Given the heavy reliance of some ADIs on mortgage insurance, a logical extension of the project was to examine the resilience of the mortgage insurance industry to a similar stress scenario. The result of applying the stress test on LMIs revealed that LMIs would not fare as well as ADIs should the modelled stress event occur, and secondly that APRA’s minimum capital requirement for LMIs was inadequate. After more than two years of work to refine the LMI capital framework, a revised model was issued in February 2005 and is planned to come into effect on October 1 2005. Following the findings of the stress test and subsequent research and industry consultation, the proposed capital framework resulted in roughly a doubling of the minimum capital requirement and a far more risk sensitive model (with the key risk drivers being LVR, loan seasoning and loan type).

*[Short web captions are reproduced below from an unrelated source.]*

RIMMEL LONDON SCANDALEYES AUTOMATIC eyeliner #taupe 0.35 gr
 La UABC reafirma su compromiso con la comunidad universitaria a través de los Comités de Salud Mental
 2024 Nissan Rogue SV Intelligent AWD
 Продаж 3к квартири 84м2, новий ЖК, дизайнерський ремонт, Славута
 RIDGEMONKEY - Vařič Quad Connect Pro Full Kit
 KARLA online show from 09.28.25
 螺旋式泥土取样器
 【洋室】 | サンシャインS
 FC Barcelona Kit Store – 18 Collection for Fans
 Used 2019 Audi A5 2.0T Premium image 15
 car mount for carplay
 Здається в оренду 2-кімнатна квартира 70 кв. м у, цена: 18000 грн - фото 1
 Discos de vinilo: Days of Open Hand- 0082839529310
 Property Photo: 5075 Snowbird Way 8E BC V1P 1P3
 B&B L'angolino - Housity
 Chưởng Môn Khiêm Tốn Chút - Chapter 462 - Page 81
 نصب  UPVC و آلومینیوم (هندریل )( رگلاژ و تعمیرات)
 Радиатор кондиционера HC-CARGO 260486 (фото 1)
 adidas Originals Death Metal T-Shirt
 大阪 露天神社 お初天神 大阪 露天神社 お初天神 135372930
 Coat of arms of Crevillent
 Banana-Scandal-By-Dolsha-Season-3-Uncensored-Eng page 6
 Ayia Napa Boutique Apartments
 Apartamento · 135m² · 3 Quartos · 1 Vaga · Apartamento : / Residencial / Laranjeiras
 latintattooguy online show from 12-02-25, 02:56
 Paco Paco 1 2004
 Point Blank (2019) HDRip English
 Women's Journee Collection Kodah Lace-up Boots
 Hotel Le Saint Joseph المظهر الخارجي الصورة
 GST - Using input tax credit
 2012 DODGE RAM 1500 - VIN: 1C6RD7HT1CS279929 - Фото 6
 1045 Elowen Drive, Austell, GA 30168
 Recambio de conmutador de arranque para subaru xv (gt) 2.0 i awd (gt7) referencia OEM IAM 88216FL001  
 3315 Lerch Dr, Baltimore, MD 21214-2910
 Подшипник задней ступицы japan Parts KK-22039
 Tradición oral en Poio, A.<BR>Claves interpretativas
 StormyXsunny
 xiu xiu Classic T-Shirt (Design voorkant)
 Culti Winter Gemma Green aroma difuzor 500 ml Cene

We shall see how it all works out!


Update, 2008-5-23: This exercise was discussed at a Bank of Canada conference reported in the Spring, 2008, Review. Interestingly, the author observed:

Conversely, having banks undertake the exercise themselves provided a number of valuable insights, particularly into the way banks run their businesses and how they think about the risks they manage.

For those institutions where stress testing is an integral part of their risk management framework, the stress test scenario formed the basis for a discussion of the effect of the event on individual business units and the linkages across businesses. Some banks, for example, reacted to the weaker domestic growth and large depreciation in the exchange rate by assuming a shift of resources from business units which focussed primarily on domestically oriented industries, such as service industries, and the household sector, to those that were more export oriented. For these banks, the stress test was a useful means of communicating senior management’s risk appetite across the various levels of the firm (with the results being signed off by the Board of one bank). These banks were more likely to use a mix of quantitative and judgemental assessments.

This echoes the main observation of the International Report on Risk Management Supervision … the firms that have done best (least badly?) during the Credit Crunch are the ones in which communication between departments is most efficient.

Market Action

September 12, 2007

David Dodge made an interesting speech in London, England. Of most immediate interest was his hawkish monetary stance:

I want to be absolutely clear on one point: The actions that we took to provide liquidity to support the smooth operation of financial markets did not in any way signal a change in our monetary policy. In fact, it was a step in maintaining our monetary policy stance by keeping our target for the overnight rate at 4 1/2 per cent, which we judged appropriate for keeping inflation on target over the medium term.

… but the theme of the speech was transparency:

In this complex process, transparency about the underlying credit was often lost. Because the originators of the loans intended to securitize them rather than leaving them on their balance sheets, they lacked the incentives to carefully assess the creditworthiness of the borrower. And investors often lacked the ability, or did not make the effort, to see through the complexity of the instrument. Thus, investors were unaware of the creditworthiness of the root asset and the potential difficulties with the liquidity of the instrument itself. Compounding the problems was the fact that the models upon which these structured products were valued assumed that they could be readily traded in a liquid market.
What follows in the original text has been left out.